REPUBLIKA.CO.ID, JAKARTA -- Panwaslu DKI Jakarta menolak jika dikatakan tidak bisa menindak sejumlah kampanye terselubung sejumlah pasangan bakal calon gubernur dan calon wakil gubernur DKI. Alasannya, yang diatur dalam Peraturan KPU Nomor 14 tahun 2010 adalah kampanye pasangan calon, bukan pasangan bakal calon.
"Panwaslu terkesan sungkan, namun sebenarnya tidak, karena yang dikatakan melakukan kampanye terselubung saat ini adalah pasangan bakal calon gubernur dan wakil gubernur. Sesuai peraturan, mereka baru bisa dikatakan melakukan kampanye jika sudah ditetapkan sebagai pasangan calon gubernur dan wakil gubernur 12 Mei nanti," ujar Ketua Panwaslu, Ramdansyah, yang dihubungi Republika, Selasa (3/4).
Sebelumnya, sejumlah pasangan bakal calon gubernur dan wakil gubernur DKI Jakarta sudah gencar melakukan sosialisasi ke masyarakat.

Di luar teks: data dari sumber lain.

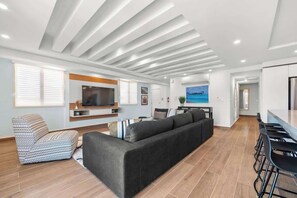 スマートテレビ、テレビゲーム、書斎 / ワークスペース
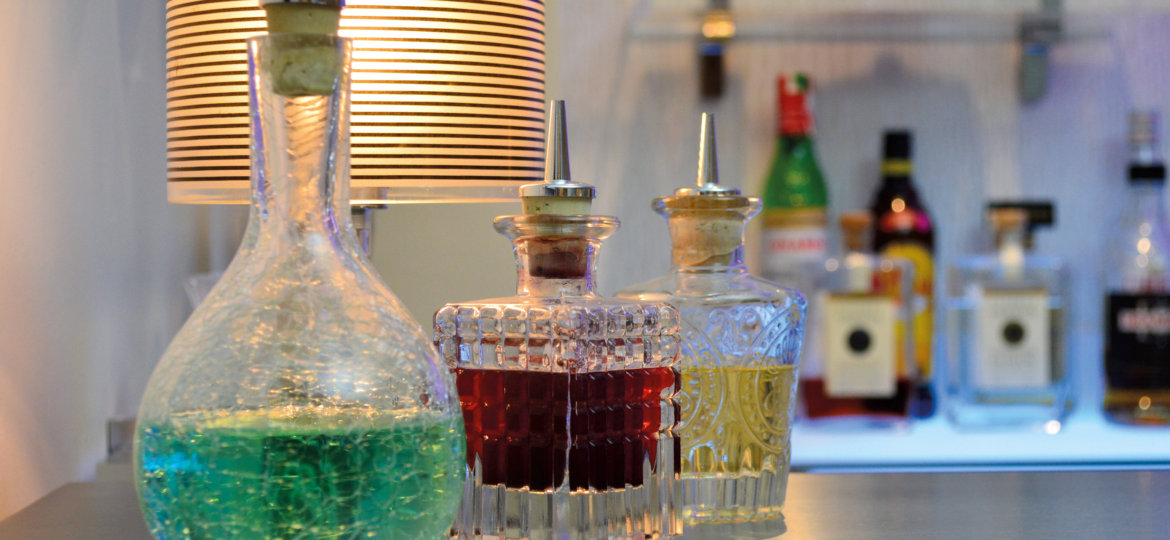 Luxury cocktail set - dash bottles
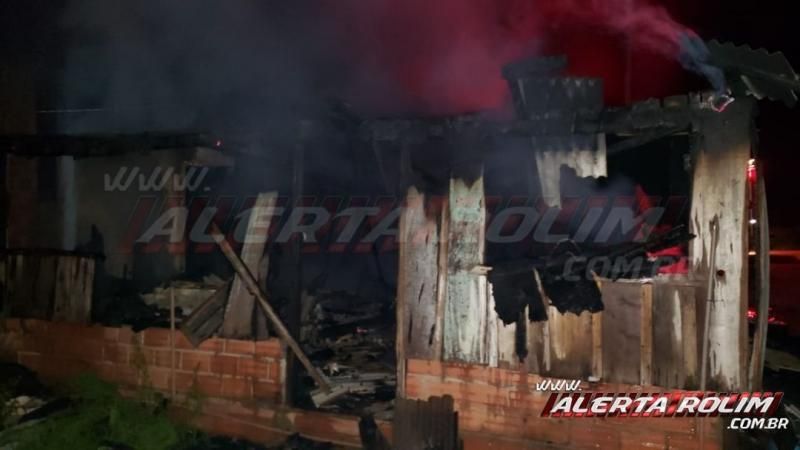 Incêndio destrói residência de madeira no Bairro Beira Rio, em Rolim de Moura Incêndio destrói residência de madeira no Bairro Beira Rio, em Rolim de Moura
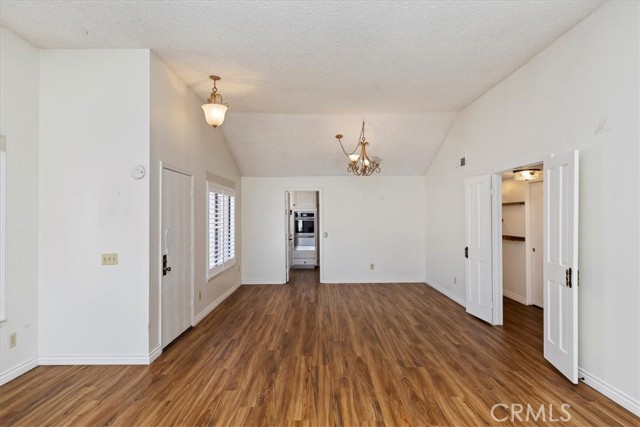 Detail Gallery Image 17 of 37 For 2974 Hyde Park Cir, Riverside,  CA 92506 - 2 Beds | 2 Baths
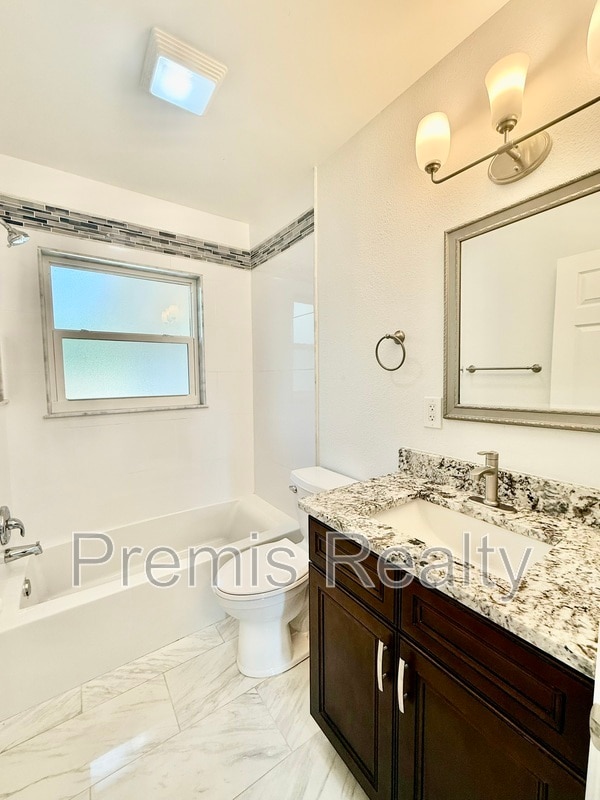 Building Photo - 2014 Pinehurst Dr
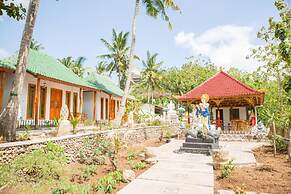 Kubu Reot Taman Asri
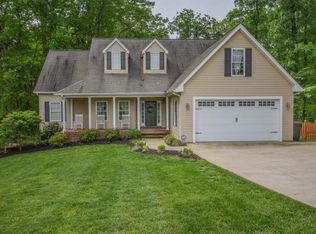 97 Lake Meadow Dr, Johnson City, TN 37615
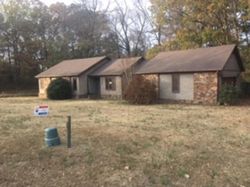 Bank Foreclosures in GREENFIELD, TN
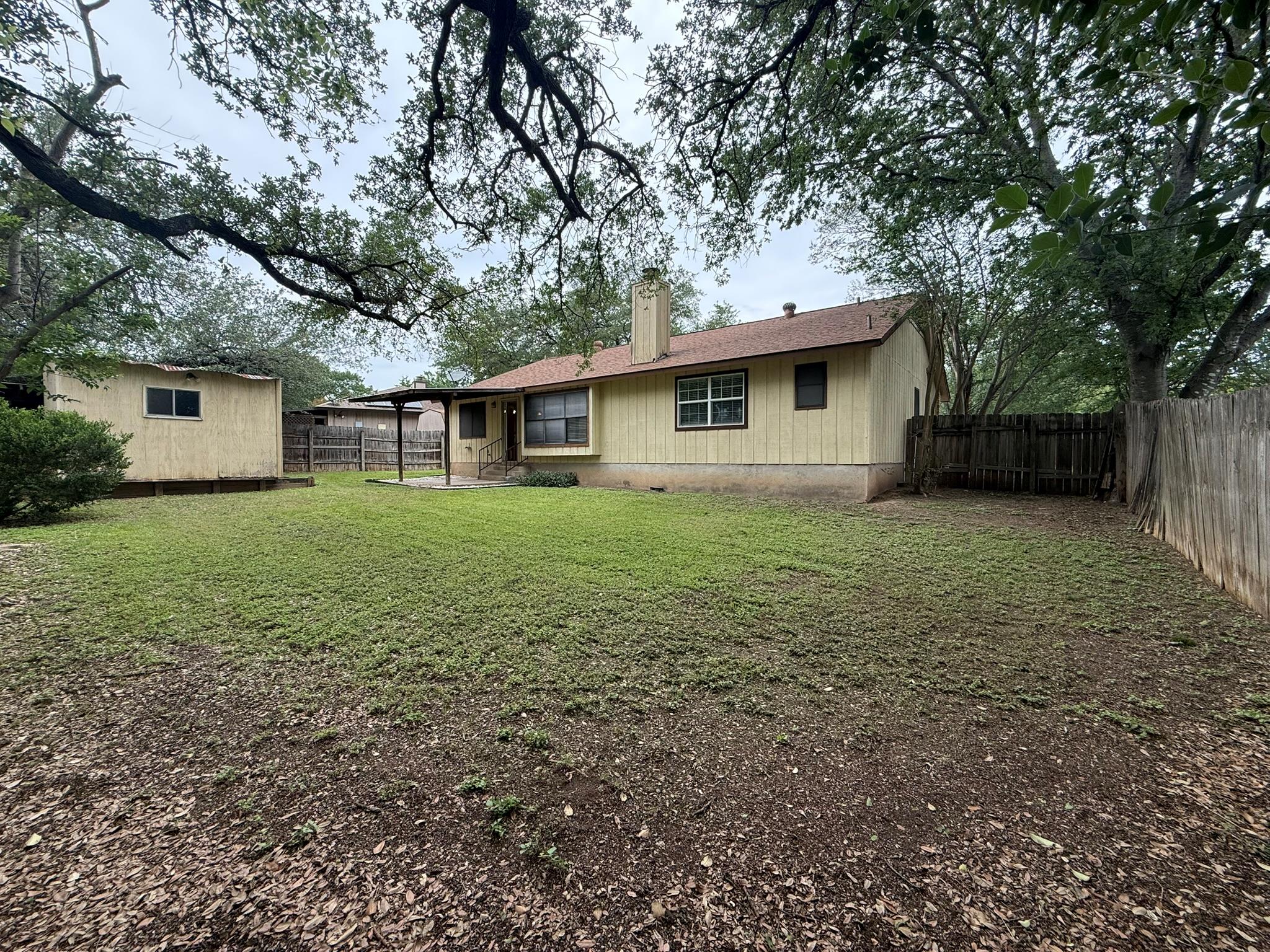 305 KIMBERLY Dr, Austin, TX 78745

Di antaranya yang kerap diekspose media massa adalah pasangan Fauzi Bowo-Nachrowi, pasangan Jokowi-Ahok, pasangan Alex Noerdin-Nono Sampono, dan pasangan Hidayat Nur Wahid-Didik J. Rachbini.

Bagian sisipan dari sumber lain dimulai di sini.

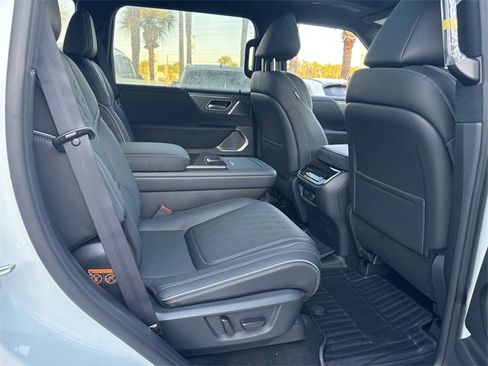 New 2026 INFINITI QX80 Autograph image 22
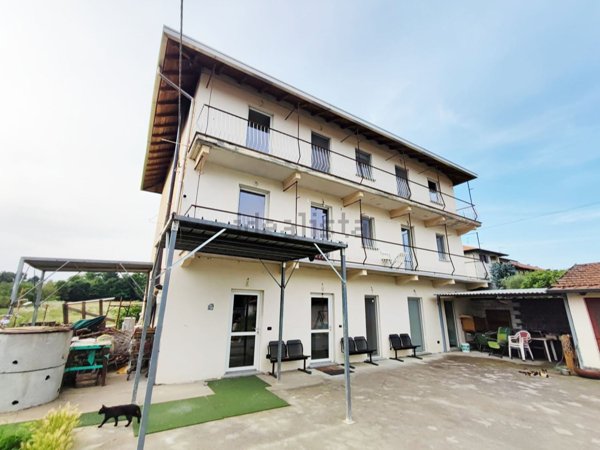 casa indipendente in vendita a Borgo Ticino
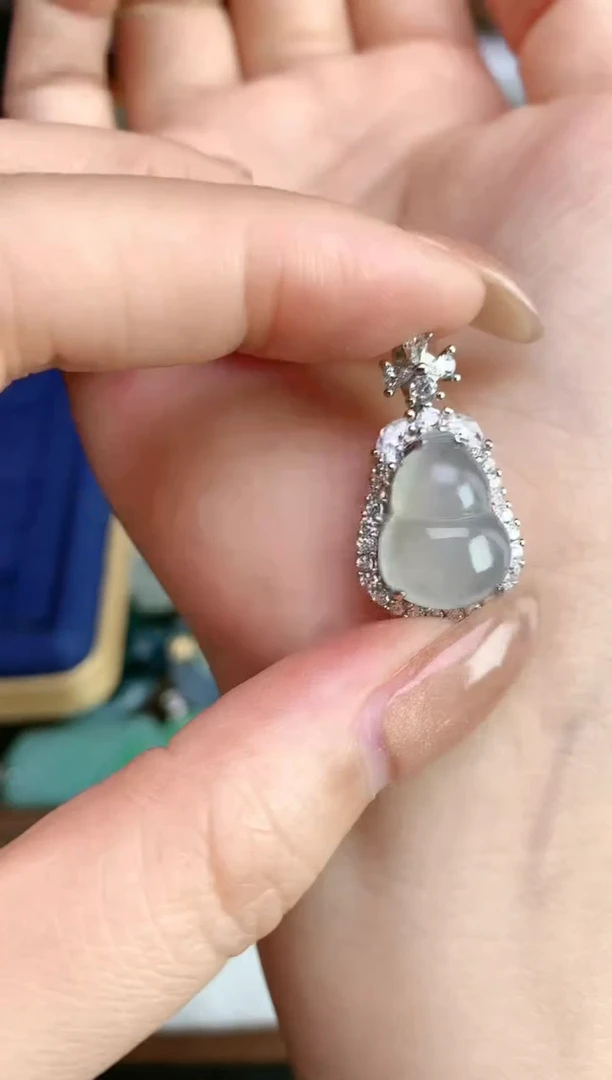 颈饰银S925镶嵌翡翠25112601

Akan tetapi Panwaslu, kata Ramdansyah, sudah bertindak tegas ketika melihat sejumlah pelanggaran berupa pemasangan spanduk di sejumlah tempat-tempat ibadah serta pemasangan spanduk yang mengandung unsur provokatif. "Kami sudah meminta Satpol PP untuk menurunkan aneka-macam spanduk yang mengandung unsur provokasi seperti itu," tuturnya.
Sementara itu, terkait adanya indikasi PNS yang tidak netral pada Pemilukada DKI tahun ini, Panwaslu sudah memberi peringatan. Salah satu contoh adalah seorang walikota yang juga menjabat sebuah ormas di Jakarta yang meminta warganya memilih salah satu kandidat. "Kami sudah memperingatkan hal tersebut. Kalau mereka hanya mengarahkan di kalangan internal, itu sah-sah saja. Namun jika sampai mem-blow up dengan mengundang media, itu tidak boleh," katanya.
Undang-Undang No 12 tahun 2008 Pasal 83 yang menyatakan birokrasi dilarang untuk menguntungkan salah satu calon. "Kalau putusan Mahkamah Konstitusi (MK) disetujui, Pasal 116 ayat 4 ancaman pidana minimal 1 bulan, maksimal 6 bulan dan atau denda Rp600 ribu maksimal Rp 6 juta," katanya.